The majority of Hudson Valley residents to receive the COVID-19 vaccination are white, though the region has been amongst New York’s best in distributing it to neighborhoods with people of color.
As of 11 a.m. on Tuesday, Feb. 16, New York Gov. Andrew Cuomo said that the state’s COVID-19 vaccination distribution sites have received 2,192,675 first doses and already administered 92 percent (2,024,225) first dose vaccinations and 87 percent of first and second doses, with more on the way from the federal government.
According to the state Department of Health, the race of those to receive the vaccine in the Hudson Valley:
- White: 84.1 percent;
- African American: 6.7 percent;
- Asian: 5.4 percent;
- Other: 0.7 percent;
- Declined: 3.0 percent.
In the Hudson Valley, the breakdown of residents eligible for the vaccine:
- White: 80.3 percent;
- African American: 13.4 percent;
- Asian: 4.6 percent;
- Other: 1.2 percent.
“We know the vaccine is the weapon that wins the COVID war and we are doing everything we can to get shots in arms as quickly as possible while continuing to prioritize access and equity for underserved communities," Cuomo said. "More than one million New Yorkers have now been fully inoculated against the COVID virus and that's great news, but we won't stop until every New Yorker has had the opportunity to take the vaccine.

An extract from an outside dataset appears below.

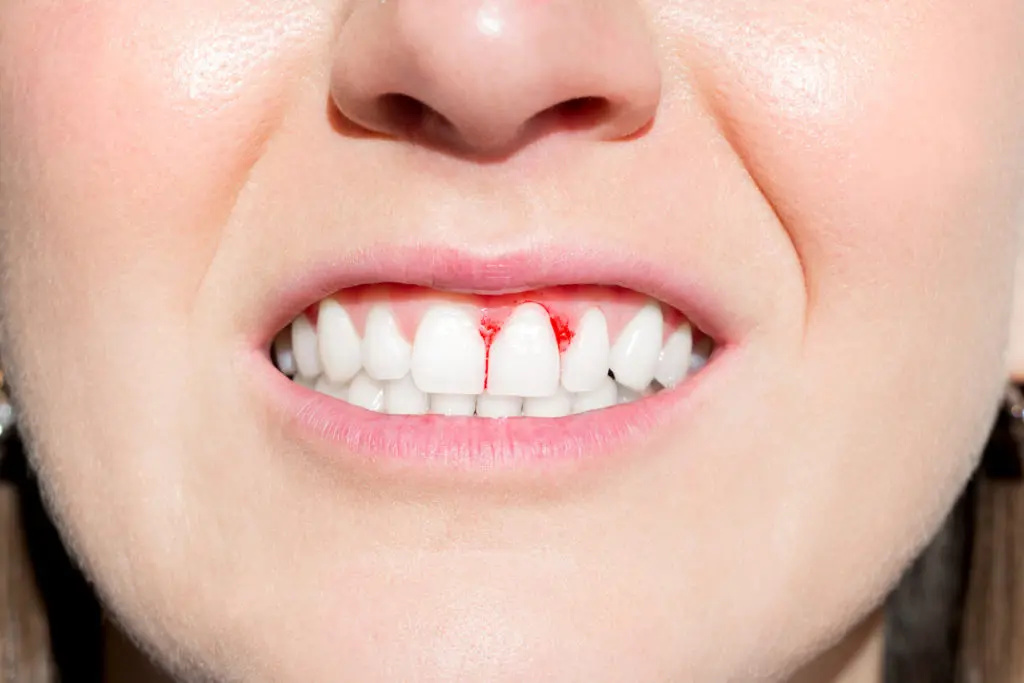 What Should Be Done in Case of Bleeding Gums?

The Department of Health said that 89.5 percent of Hudson Valley residents to receive at least one dose of the vaccine were not Hispanic or Latino, versus 8.4 percent that were and 2.1 percent who declined. In the region, 87.1 percent of the population eligible to receive the vaccine is not Hispanic or Latino, while 8.4 percent are.

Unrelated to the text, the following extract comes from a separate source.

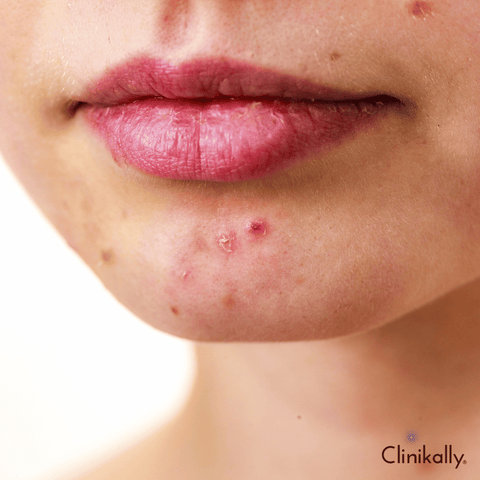 Pityrosporum Folliculitis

The Hudson Valley has received 316,155 first and second doses, with 256,032 administered. The 81 percent of doses used is among the lowest in the state.

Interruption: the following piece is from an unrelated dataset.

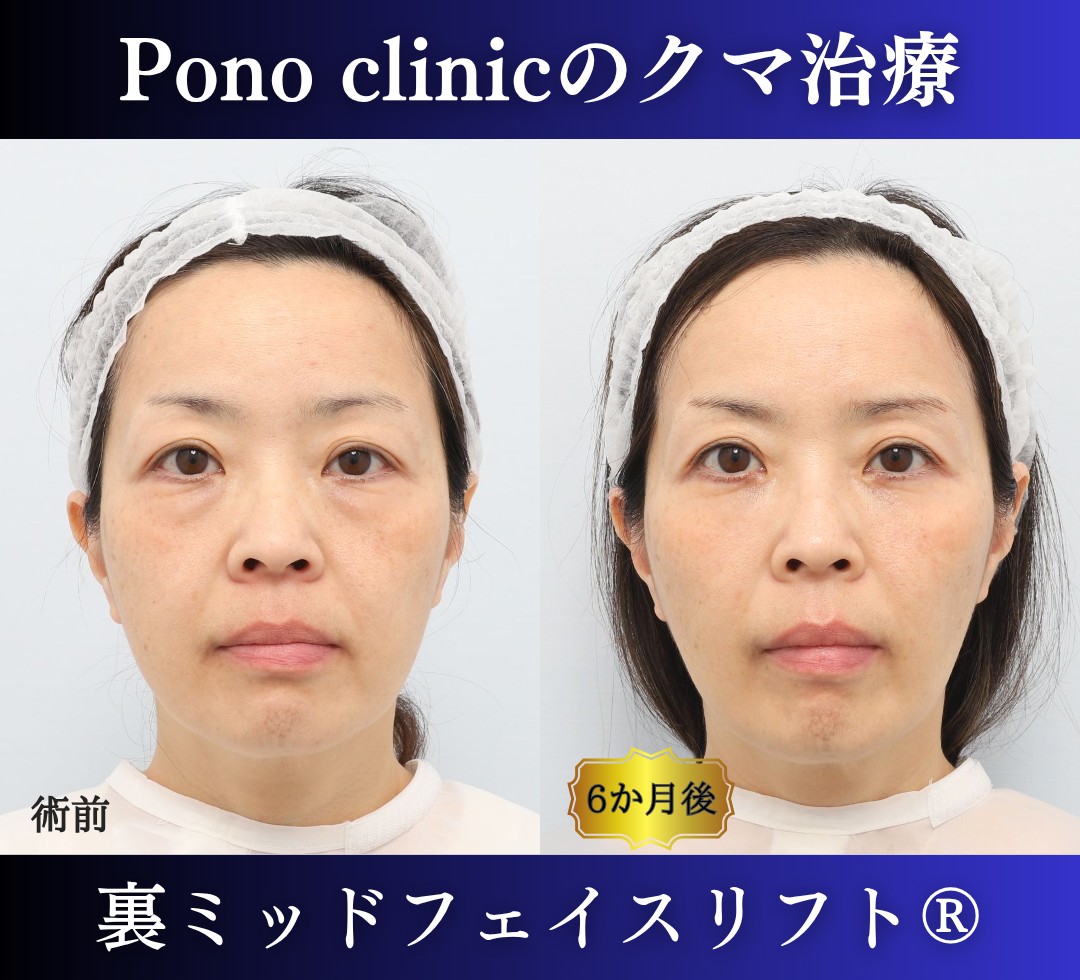 50代女性の症例、目の下のクマ取り、裏ミッドフェイスリフト、裏ハムラ (7)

“The numbers prove our vaccination efforts are working and we're now beginning to ease restrictions across the state - our only limitation continues to be the federal supply,” Cuomo said. “I’m confident that we will continue to see an increase in the weekly supply with new leadership in Washington, but until then New Yorkers must do their part and remain vigilant and we will do our part to fight for more supply."